Well, okay, that’s an exaggeration. But it’s certainly true once you, say, get out of university and start work. I remember the first couple of weeks at university. It was a whirlwind of new shit. Not literally, that would be disgusting. But a bunch of us decided that if there was ever a time to try out some new things, the first few weeks of university was it.
So we did. Shortly after arriving and introducing ourselves to each other (memorably, most of my flatmates’ first experience of me was witnessing me cooking a bacon sandwich whilst wearing a lop-sided dressing gown, as I’d been there a few days prior to them) we decided that we’d go along to the various taster sessions that the university clubs offered. Most of them would likely be things we wouldn’t want to continue with, we decided, but we might as well give them a go.

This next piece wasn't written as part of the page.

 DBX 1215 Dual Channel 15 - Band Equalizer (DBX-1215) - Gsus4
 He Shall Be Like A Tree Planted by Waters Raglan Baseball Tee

So it was that several of us found ourselves lying on the dirty floor of what was basically a big shed clutching large rifles and feeling extremely nervous about what the nice man had said about making sure you don’t accidentally shoot it at the floor because it will probably kill you. But then we got into the whole “shooting holes in bits of paper” thing and it all became a lot more interesting. Sure, none of us went back after that, but the fact I can say I’ve fired an actual real rifle is pretty cool.
And so it was that we found ourselves attending a ninjutsu class, learning the best way to deal with a knife-clutching attacker who is attempting to bum you or just kill you from behind. (Stick your bum out to knock him back, grab his arm, twist it in a smooth but convoluted manner, whip the knife up his arm, shaving all his skin off and causing considerable pain, pull him down to the ground, bash his elbow on the floor to break it in a manner which is difficult to heal and finally kick him in the face. Possibly. I forget.) One of us went back and learned quite a lot about various ways to ninj other people to death. (What? “Ninj” is absolutely the verb to describe what ninjas do. They ninj people. You ninj. I ninj. They ninj. He/she/it ninjes. No? Shut up.) The rest of us didn’t.
That didn’t stop us trying out the other Ninjutsu club, where most of the session felt like Ninjas’ Playtime, as the entire class did forward roll after forward roll back and forth up and down a padded room. It was fun, but unlikely to kill anyone.
And so it was we found ourselves trying out the fencing club and discovering that people who have been fencing for a long time not only are much better than complete beginners, but they’re awfully smug about it. And epees somehow aren’t quite as satisfying as big, proper, actual swords. But then they’d probably be a bit more fatal. Unless everyone got to wear armour, and then you’d kind of be going into Knight Club territory, rather than fencing.
We continued this pattern for a while. Some of us stuck with the Karate-do-Shotokai club for a while, others (including myself) drifted off. Now, as most of us are pushing 30, you have to wonder if we’ll ever have the opportunity to get involved in such a diverse array of new things ever again.